Extract

This commentary refers to ‘2018 ESC/EACTS Guidelines on myocardial revascularization’, by N. Franz-Josef et al., 2019;40:87–165.

We commend the guideline authors in assimilating such a large amount of data into a well-structured, easy to read document that provides practising cardiologists with a useful day-to-day reference for a wide-ranging number of clinical scenarios.

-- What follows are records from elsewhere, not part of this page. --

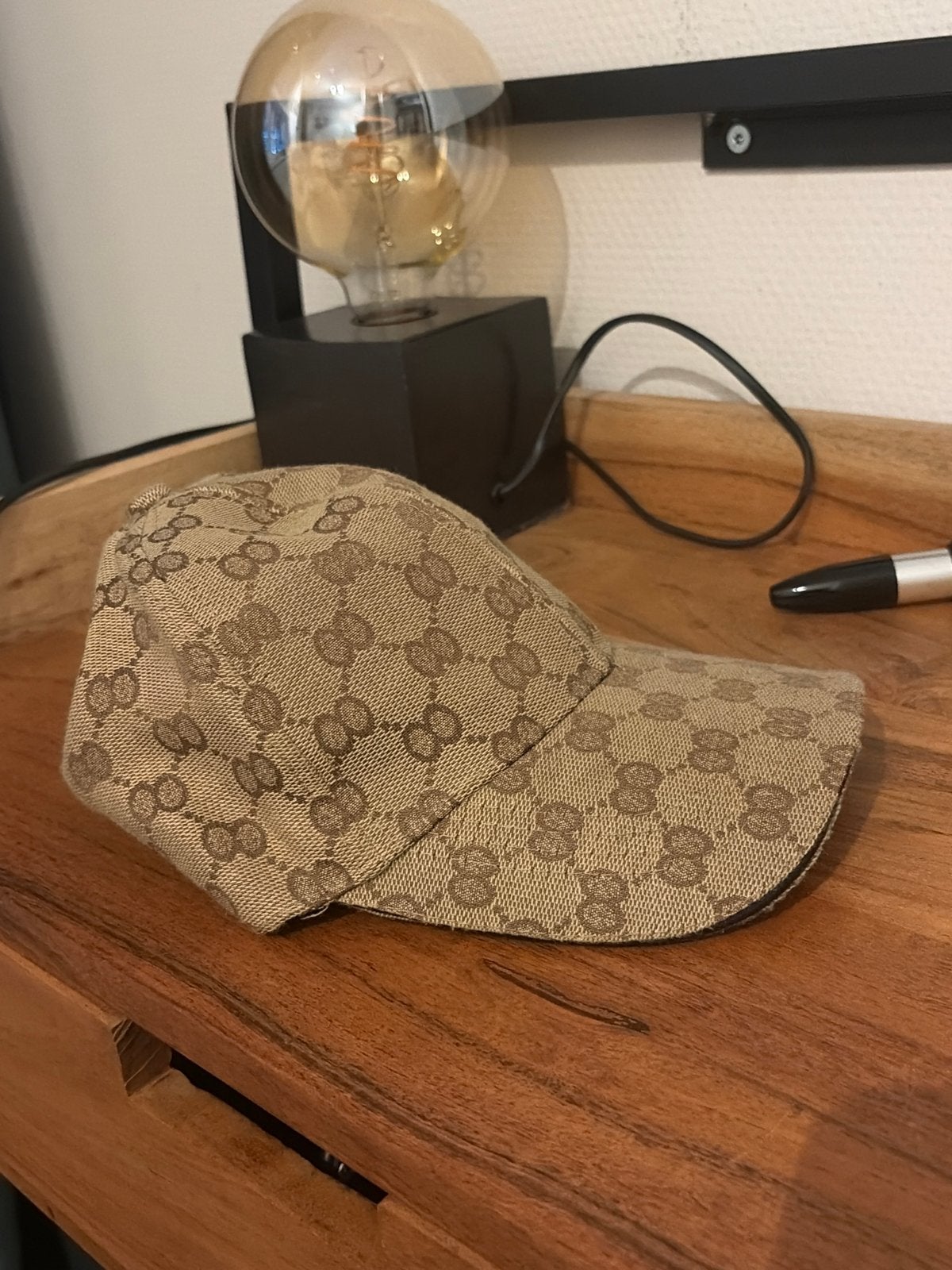 Gucci pet - Nooit gedragen, Ophalen, Nieuw, One size fits all, Pet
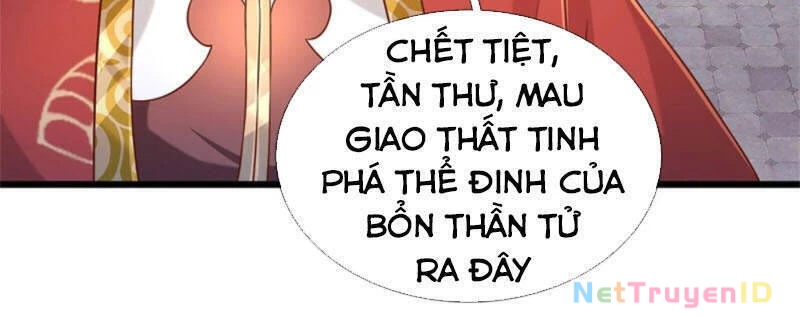 Bắt Đầu Với Chí Tôn Đan Điền Chapter 49 - 2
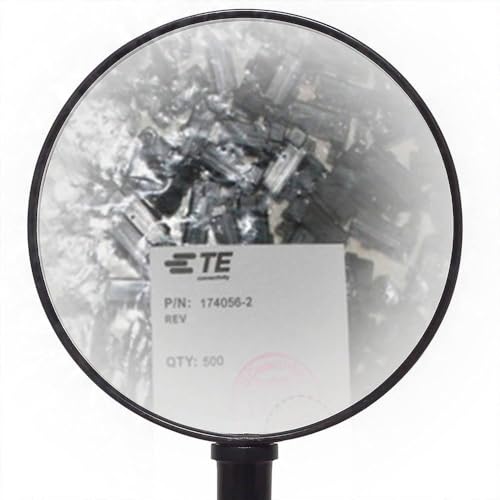 SFM-115-L2-S-D-LC Connector 30 Position Receptacle Connector 0.050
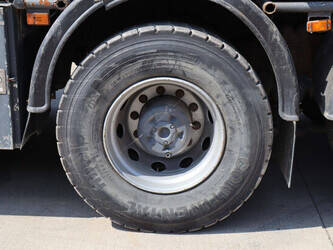 2009-scania-g-380-48863737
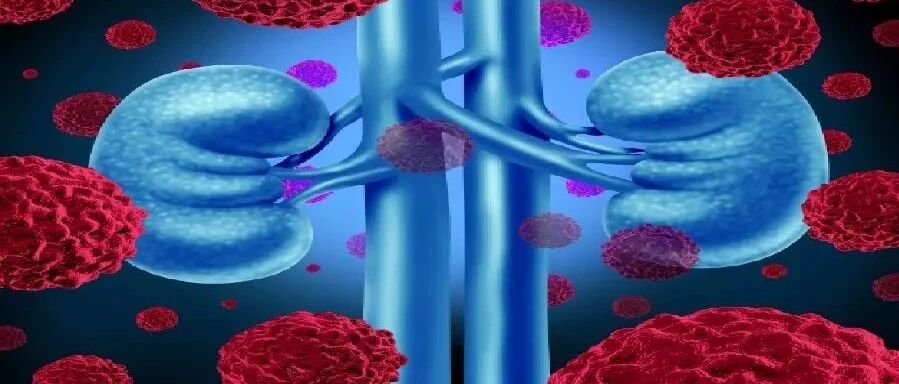 10个人中就有1个患病！这样做可以降低发病风险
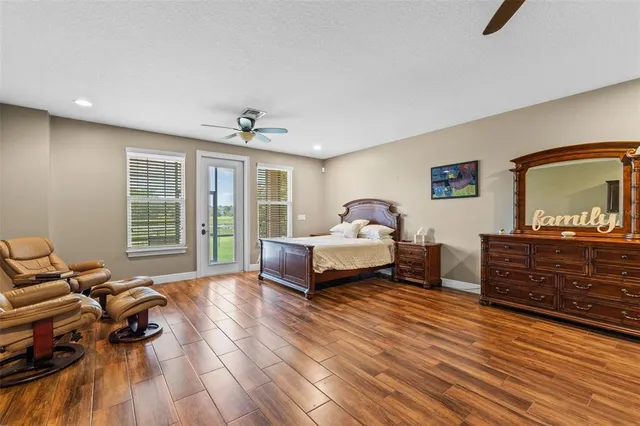 $1,795,000 | 316 Kiwanis Circle, Chuluota, FL 32766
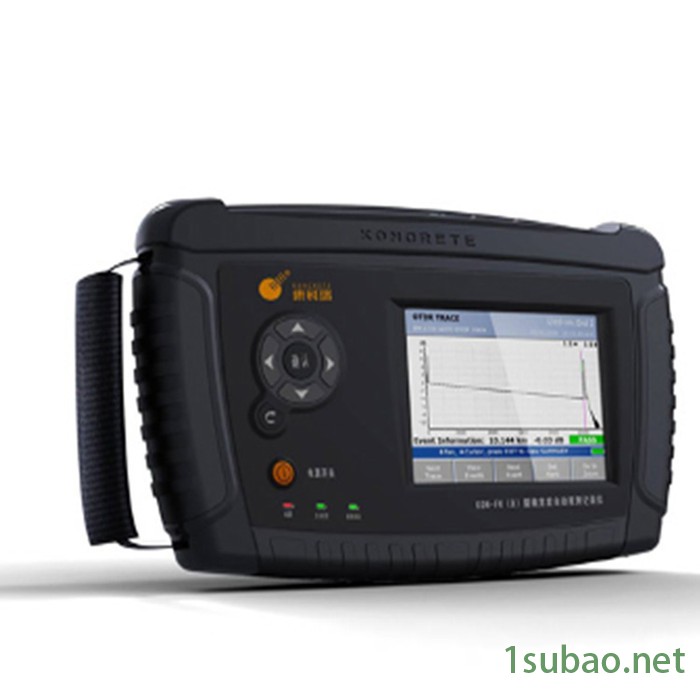 双色注塑模具 深圳恒兴昌双色注塑模具图6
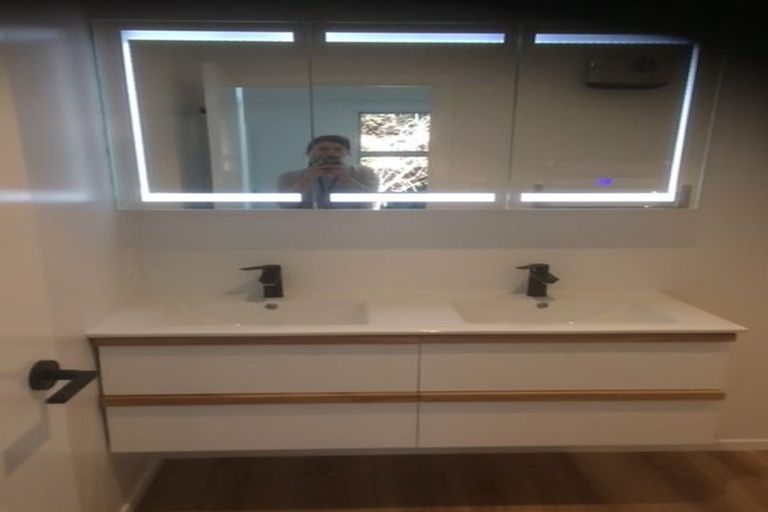 Photo of property in 4/120 Chester Street East, Christchurch Central, Christchurch, 8011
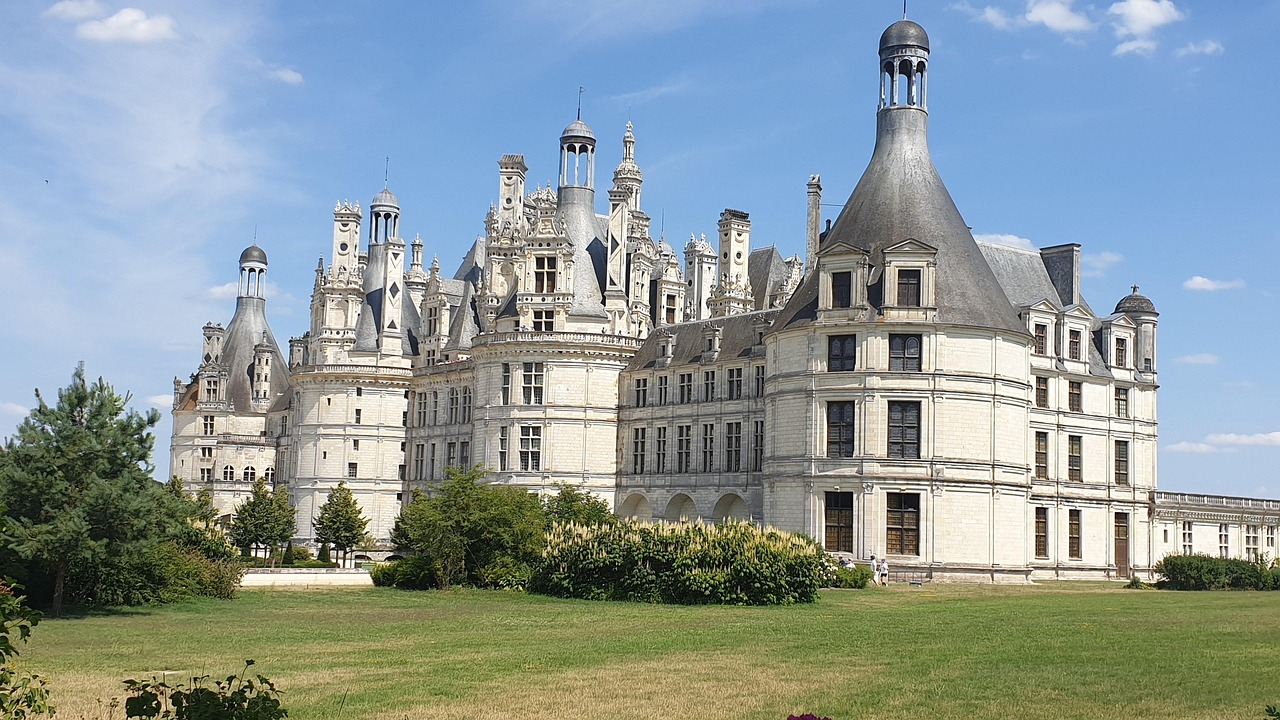 Loiretal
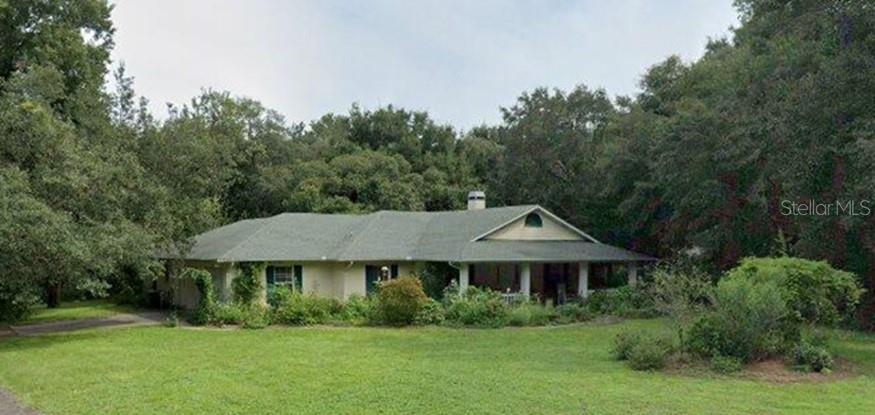 Details for 24739 Rolling Oak Road, SORRENTO, FL 32776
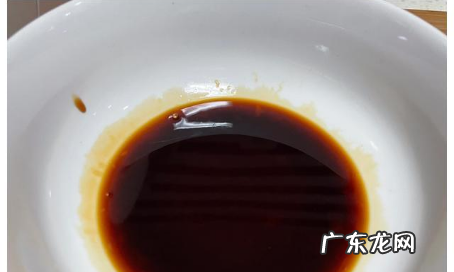 蒜蓉油麦菜怎么做好吃,蒜蓉油麦菜怎么做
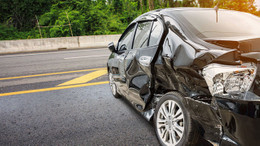 Trafik cezalarına yeni düzenleme geliyor! Vur kaç yapana hapis yolu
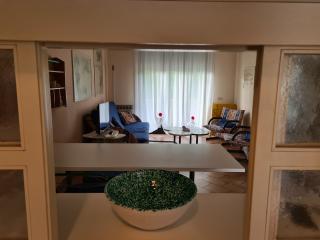 Appartamento in affitto a Massa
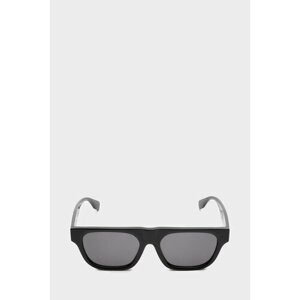 Солнцезащитные очки EIGENGRAU, черный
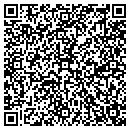 QR code with Phase Environmental contacts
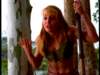 dvd_00038_small.jpg
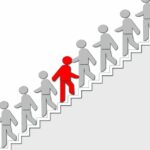 Netradiční bílkoviny: Čím obohatit jídelníček? Máme pro tebe 7 tipů 11 Netradiční bílkoviny: Čím obohatit jídelníček? Máme pro tebe 7 tipů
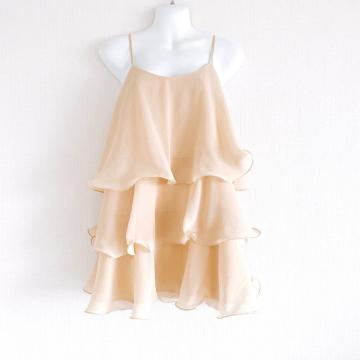 riendax[WeBA[hs[XL~~j`jbNs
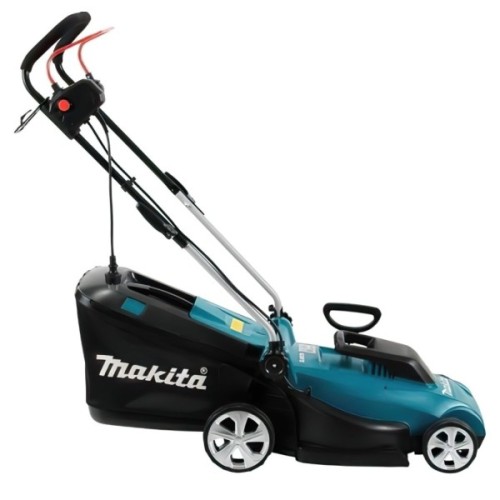 Газонокосарка Makita ELM3720 электрическая (ELM3720)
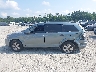 3D4PG5FV4AT****** Reparables 2010 Dodge Journey en Estado de Virginia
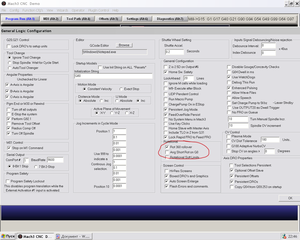 image017.png (5525 просмотров) <a class='original' href='./download/file.php?id=22348&mode=view' target=_blank>Загрузить оригинал (83.66 КБ)</a>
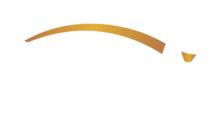 Creta Tintas – Fabricante de Tintas no RS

New emphasis is placed on prioritizing the completeness of revascularization when considering coronary artery bypass grafting (CABG) vs. percutaneous intervention (PCI), with a concise figure outlining situations in which each are favoured.1 In clinical practice, however, there are situations where neither CABG nor PCI may be able to achieve complete revascularization. In such cases would the authors advocate an up-front hybrid approach of CABG with PCI of vessels predicted to be ungrafted, or a strategy of post-CABG functional assessment to identify areas thought not to be fully revascularized at the time of the bypass? For example, it may be possible to predict that proximal side branches would be trapped between the bypassed distal stenosis and a more proximal stenosis; such as a native ostial left anterior descending (LAD) stenosis and a mid-LAD stenosis receiving a distal graft may have trapped septal or diagonal branches that receive insufficient blood supply from the retrograde left internal mammary artery (LIMA) flow or the anterograde native LAD flow. Incomplete revascularization can also occur if technical issues arise during surgery such that it deviates from the proposed operation. In such circumstances would the authors advocate that an ischaemic burden of >10% of the left ventricle would warrant further revascularization?